Tucson has no billionaires. The founder of Carvana is a former Tucsonan and a current billionaire, but he relocated himself and his company to a more prosperous and dynamic Phoenix. At best, the Tucson business climate can be characterized as sleepy and the overall culture as mañana.

The median household income is three times higher in the Bay Area than in the City of Tucson and is even higher in such Silicon Valley suburbs as Mt. View. Materialism is also much more in evidence in the Bay Area, judging by the greater concentration of exotic cars, private jets, upscale eateries, and multi-million-dollar mansions.

Higher taxes are of little concern to the uber-wealthy in San Francisco, and higher prices for the energy to heat and cool homes are not onerous in the benign coastal climate. In other words, San Francisco elites are barely affected by the policies they endorse.

History explains part of the cultural difference between San Francisco and Tucson.

By the mid-nineteenth century, San Francisco had left behind its Spanish/Catholic missionary beginnings and replaced them with an Anglo-Saxon, or Yankee, pursuit of money. It became the staging area for the Gold Rush, the western terminus of the transcontinental railroad, a financial center, and the home of such tycoons (and scoundrels) as Leland Stanford, who would establish Stanford University.

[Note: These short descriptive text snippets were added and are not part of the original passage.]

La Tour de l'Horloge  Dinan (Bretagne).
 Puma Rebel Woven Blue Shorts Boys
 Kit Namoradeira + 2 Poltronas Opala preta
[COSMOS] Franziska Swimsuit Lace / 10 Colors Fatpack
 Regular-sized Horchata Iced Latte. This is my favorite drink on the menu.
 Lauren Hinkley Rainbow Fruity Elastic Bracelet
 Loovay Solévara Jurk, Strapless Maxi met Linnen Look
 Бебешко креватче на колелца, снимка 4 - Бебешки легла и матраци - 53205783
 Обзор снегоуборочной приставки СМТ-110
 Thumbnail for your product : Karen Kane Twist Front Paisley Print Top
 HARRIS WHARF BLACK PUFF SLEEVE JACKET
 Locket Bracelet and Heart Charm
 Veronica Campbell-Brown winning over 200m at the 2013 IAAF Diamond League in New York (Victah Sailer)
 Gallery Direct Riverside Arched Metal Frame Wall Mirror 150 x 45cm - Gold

San Francisco also became a magnet for adventurers, bohemians, revolutionaries, and, later, hippies, flower children, libertines, the homeless, and the likes of Mark Zuckerberg and other billionaire nerds—all drawn to its climate, scenery, easy living, and money sloshing about.

At the same time, Stanford University became an intellectual and ideological counterbalance to Berkeley, especially its Hoover Institution. There is no intellectual or ideological counterbalance in Tucson to the University of Arizona.

Nor is there much of a business counterbalance to the University of Arizona. Until recently, the university was the largest employer in Tucson, and when Tucson had much less population than its current 1.05 million residents, the city was like a small college town, in that it was dominated politically and economically by faculty and staff on the government payroll and with government sinecure. 

There may not have been an outright hostility toward industry in Tucson, but there sure was an aversion for big business, an aversion that lingers today.

Tucson also suffers from not shedding the cultural legacy of the Spanish Empire, which had extended just north of Tucson to the Gila River in present-day Arizona. The Spanish Empire in the Americas was built on an economy of extraction, primarily silver, and governed by a one-party state and a two-class society, with a small number of aristocrats at the top and everyone else below. The culture didn’t change much under Mexico. And in many ways, the dominant Catholic Church maintained the status quo, as this Catholic reluctantly admits.

The net result is that Tucson is a very poor city, with a poverty rate twice the national average and all that comes with poverty: crime, blight, and lousy test scores. It is largely shunned by rich companies as a location for their headquarters or major operations—and by hip techies and other knowledge workers, who pretend to be woke and to care about the poor but gravitate to more prosperous cities.

This is the price that Tucson pays for being like San Francisco politically but not economically. Tucsonans have been true to their progressive values and their distrust of markets and big business but their authenticity comes at a great cost.